Okay, on last question, and I will quit bugging you good people for awhile.  My fridge (1995 Wilderness) has started not cooling sometimes.  It will be on, but it is not getting cold.  The all of the sudden, it starts cooling again.  I read on instruction book and it says it will do that if the RV is not level, so I did some leveling yesterday but it again switched off during the night.  It has an automatic mode, where it can choose gas or AC and I has it on the AC mode, so I know it is not a gas problem.  And when it starts cooling again, it cools just fine.  Does anyone know how I can stop this intermittent problem?

Thank you all so much!
Sherry


----------



## C Nash (May 20, 2005)

Refrigerator switching on and off

does this problem also happen when running on propane


----------



## naturesher (May 20, 2005)

Refrigerator switching on and off

I don't think it ever runs on propane.  I have tried to keep it on AC as I didn't have much propane in the tanks through the winter, and I wasn't even sure if the gas would light automatically or if I needed to do something.  By the way, while I have your attention for a second, can you tell me if it is cheaper to run the fridge on propane?  Thank you so much for replying! :blush:


----------



## Kirk (May 20, 2005)

Refrigerator switching on and off

First, if the refrigerator has an automatic setting, all that you need do to operate on propane is to turn off the 120V power. 

It seems to me that there are two possibilities that could cause what you seem to be experiencing.
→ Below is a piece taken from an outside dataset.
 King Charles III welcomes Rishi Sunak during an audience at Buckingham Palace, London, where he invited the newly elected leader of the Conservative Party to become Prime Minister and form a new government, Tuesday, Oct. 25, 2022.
Neither are good, so lets hope that I am wrong. The first is that the ammonia/water solution that is coolant for your refrigerator has begun to solidify and is at times blocking one of the passages of the cooling unit. The other is that some of the ammonia may have leaked from it and it is low on coolant. Either of these problems would likely work better on propane than on AC power as the propane is a better heat source. 

One other thing that could cause your problem is a temporary loss of 12V-DC power. Modern refrigerators must have 12V-DC at all times to operate as the controls are powered from it. That is the reason that it can choose between the other two power sources.
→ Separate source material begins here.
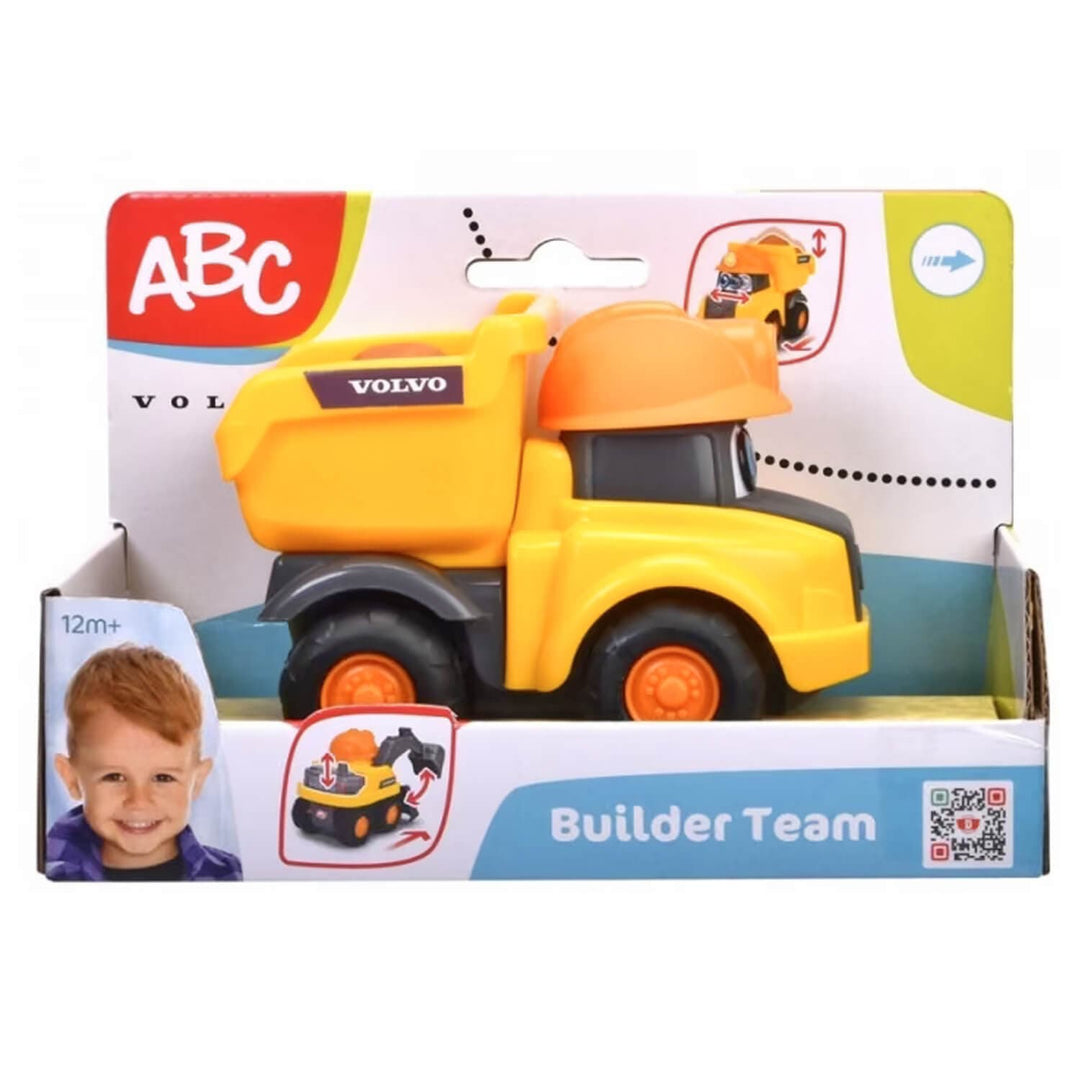 A yellow and orange toy dump truck in its original retail packaging, featuring the Volvo logo on the truck and an 'ABC Builder Team' design on the box.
There may be other possabilities, but that is all that I think of for now. Two questions that might help us to help you. First, when it stops cooling, does it display any error condition? And second, what make and model of refrigerator do you have?


----------



## naturesher (May 21, 2005)

Refrigerator switching on and off

Okay, my battery seemed to be low last time I checked, so I need to check on that and make sure it is hooked up! I had to have the RV moved to Alabama last September, as my daughter has moved there and she was very ill, and then moved back to Texas the end of March.  Everything SEEMED to work okay, but I guess I need to do some real checking out stuff.  Yesterday I finally found the panel on the outside to the fridge and got a wasp nest out of there. Today I will check the DC connection.  The "check light" does come on sometimes, and I have just been turning it off and then back on, and it goes out.  Sooooo, I will check on the things you mentioned and write back later.  Thank you again for your time and advice.  Sherry :bleh:


----------



## C Nash (May 21, 2005)

Refrigerator switching on and off

Know it sounds crazy but there were some units that the florescent lights would interfer with the ac on some refrigerators. you had to iinstall a filter on the light to fix the problem. The light had to be on to interfer.  Just another thought


----------